善意取得とは、株券の占有者は真の権利者と推定されるため(会社法131条1項)、紛失した株券を取得したAが当該株券をBに交付してしまった場合、Bが「Aは当該株式について真の権利者ではない。」ということを知っていたか、知らないことにつき重大な過失が認められない限り、Bが当該株券に係る株式を有効に取得することができるという制度です。
このように株主が株券を紛失してしまうと、第三者に株式を善意取得されてしまうリスクがあり、また、会社に対する権利行使や株式の譲渡をすることもできなくなってしまいます。 - 株券を紛失した株主は、会社に対して、株券喪失登録をするよう請求しなければならず(会社法223条)、この登録後1年を経過するまでの間に喪失登録された株券を所持する者から喪失登録の抹消申請がされなければ、株券を紛失した株主は新たな株券の発行を受けることができます(会社法228条)。
そのため、株券を紛失した株主は、最低でも1年間は新たな株券を発行してもらうことはできません。 - 他方、株券不発行会社の株主が亡くなった場合に、相続人がその株式が被相続人の遺産であることに気づかない、株主が第三者に対して当該株式を保有していることを証明できないといった事態が生じる可能性があるというデメリットがあります。

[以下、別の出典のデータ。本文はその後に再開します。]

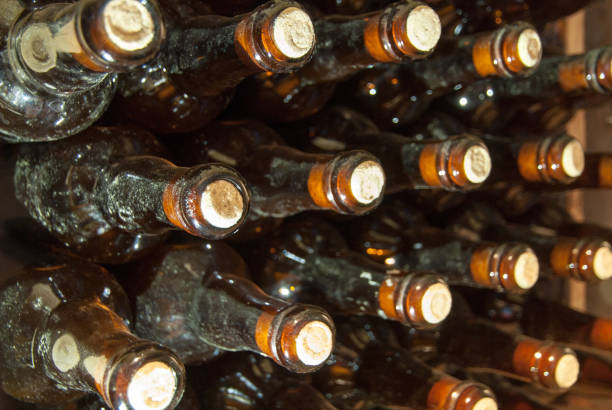 istock bottles with wine stacked in rack 833628648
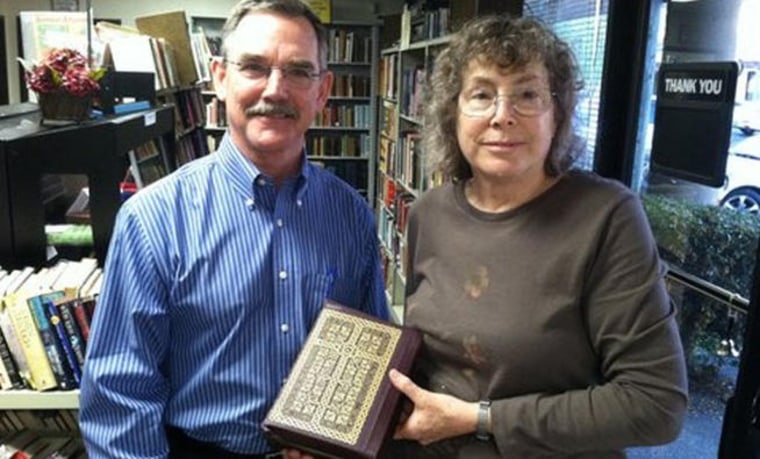 Joanne Murphy, right, is a library booster and former emergency room physician who realized that an old Bible had belonged to baseball great Branch Rickey, who broke the color barrier by hiring Jackie Robinson for the then-Brooklyn Dodgers. At left, Rickey's grandson, Christopher Jakle.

株主としては会社に対して、「株主名簿記載事項証明書」の交付を請求することができるので、この株主名簿記載事項証明書を取得しておけば、このような事態に対応することが可能です(会社法122条)。
株主名簿記載事項証明書とは、株主が会社に発行を申請した時点において、株主名簿に記載されている当該株主の保有株式数を証明する書類です。